# Serie V Lancero



## RGianelli (Jul 20, 2007)

Here are a few pics of the Oliva Serie V Lancero that Chinomalo bombed me with..thought they turned out pretty cool..and the smoke was great too..


----------



## mikejh-cl (Jun 19, 2007)

just ordered some of these, really excited to try, how do they compare to other sizes in the line?


----------



## baba (Nov 5, 2007)

They are a great cigar. Give them some box time, and they get even better.


----------



## robisjebus (Feb 5, 2008)

one of my favorite cigars. top 5 for sure.

glad you enjoyed it.


----------



## maduro4me-cl (Jun 11, 2008)

Sweet hit!


----------



## mdj65 (Jun 22, 2008)

Looks great and nice pics!


----------



## cboor001 (Aug 6, 2008)

Ok, this is the third time I have seen these in a week. I WILL be in pursuit of some of these, very soon. Awesome pics, thanks for the post brother.


----------



## Deuce Da Masta (Dec 4, 2006)

I love this size. The V's are one of my favorite smokes, the lancero is my favorite size! You get so much flavor from the wrapper. I love em.


----------



## Sin-cl (Feb 9, 2008)

Great smoke, my favorite V!


----------



## RGianelli (Jul 20, 2007)

mikejh said:


> just ordered some of these, really excited to try, how do they compare to other sizes in the line?

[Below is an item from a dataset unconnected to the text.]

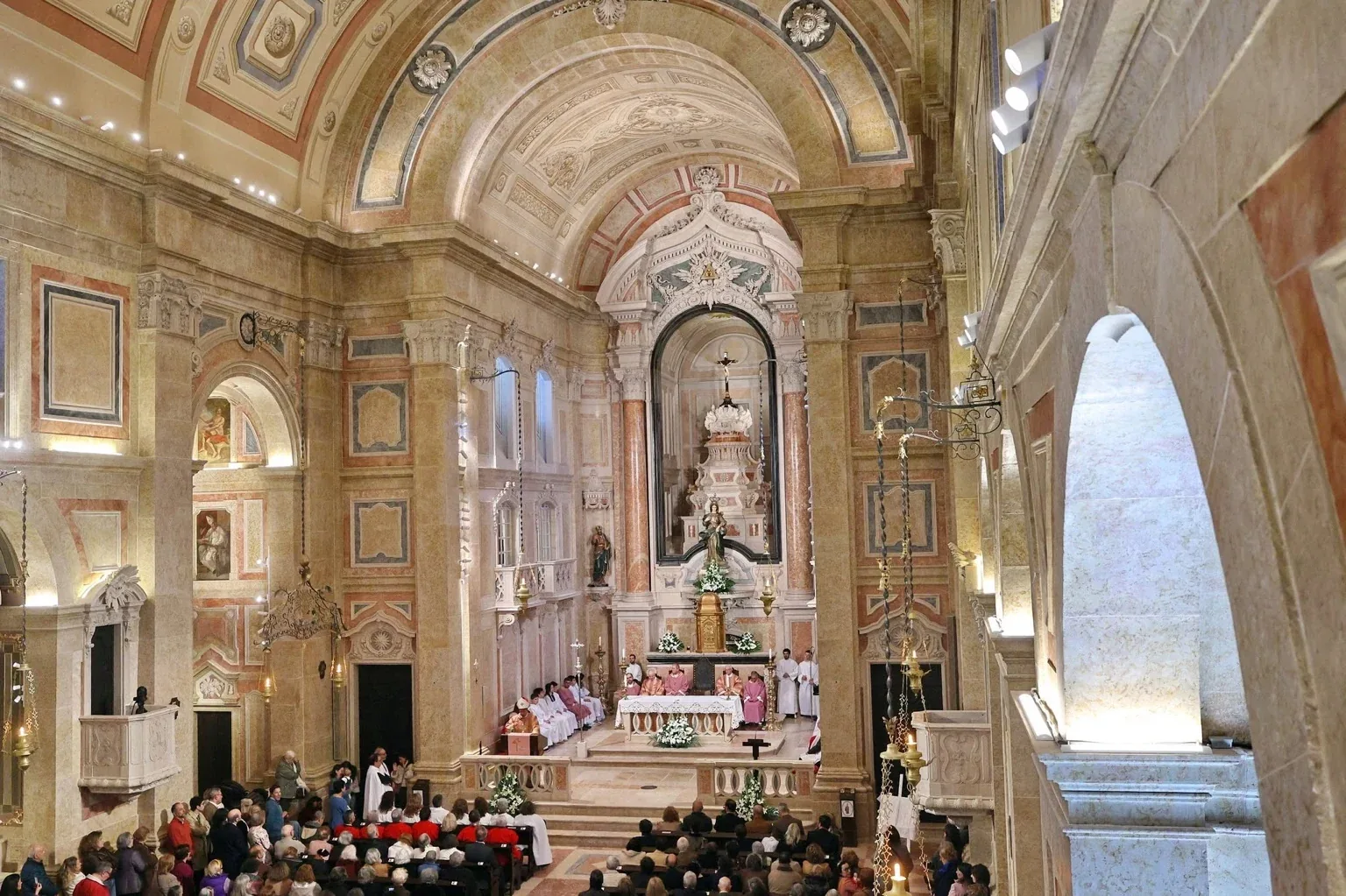 Celebração da conclusão do restauro interior da Igreja de Nossa Senhora do Amparo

I'm not normally a Lancero person..but this one was very good..As stated in other post in this thread, you definately taste more of the wrapper..and I also found the lancero to be less spicey than some of the other sizes..I'm assuming that's because there is probably less ligero in the smaller ring gauge..
Rob


----------



## tmoney (Mar 14, 2008)

The V lancero is a great smoke, I love those sticks...great pics


----------



## mhlatke (Oct 13, 2007)

Great pics - great stick!


----------



## azpostal (Jul 12, 2008)

Nice pics...great smoke


----------



## Paint (Mar 1, 2008)

Great cigar ,must agree one of my favs...


----------



## LkyLindy (Feb 1, 2008)

Looks good --
and nice manicure also


----------



## chinomalo (Feb 25, 2008)

Hey Rob!!

Glad you liked it! 

Oh yeah, like Harvey said, nice 'cure... LOL


----------



## RGianelli (Jul 20, 2007)

LkyLindy said:


> Looks good --
> and nice manicure also


Thanks..I do my own nails you know..LOL


----------



## RGianelli (Jul 20, 2007)

chinomalo said:


> Hey Rob!!
> 
> Glad you liked it!
> 
> Oh yeah, like Harvey said, nice 'cure... LOL


Here's an idea...a "Herf & 'cure"...LOL


----------



## Lighthouse (Sep 5, 2007)

Great pics Rob. The lancero is one of my favorites too - the other is the figurado.


----------



## chinomalo (Feb 25, 2008)

RGianelli said:


> Here's an idea...a "Herf & 'cure"...LOL


Count me in.. My hands and feet need some loving.. Just find someone who doesn't mind a little smoke..:biggrin:


----------



## sofaman (Jun 20, 2007)

Looks Tasty!!!


----------



## ezmoney5150 (Jan 23, 2008)

There's only three lanceros that I like and that is my favorite. I hope you enjoyed that stick as much as I do.


----------



## m69c44 (Nov 5, 2007)

One of my favorites..... and the point price on these are great even here in Calif.... Nice Pics


----------



## amateurke (Mar 28, 2008)

Nice pics of a great cigar!!


----------



## big04deuce (May 16, 2008)

Looks great! Thanks for sharing!!!


----------



## SmoknTaz (Jun 18, 2008)

Awesome pics, thanks for sharing.


----------



## happy1 (Jun 29, 2007)

Great pic,looks damn good!


----------



## EKGOTSKILLZZ (Jun 17, 2008)

ice stick right there


----------



## PV1191 (Dec 9, 2007)

They are an outstanding smoke


----------



## karmaz00 (Dec 5, 2007)

great pics


----------



## DBCcigar (Apr 24, 2008)

Nice pictures. That's a great smoke!


----------



## agctribefan (Oct 22, 2008)

Great pics. Well done.


----------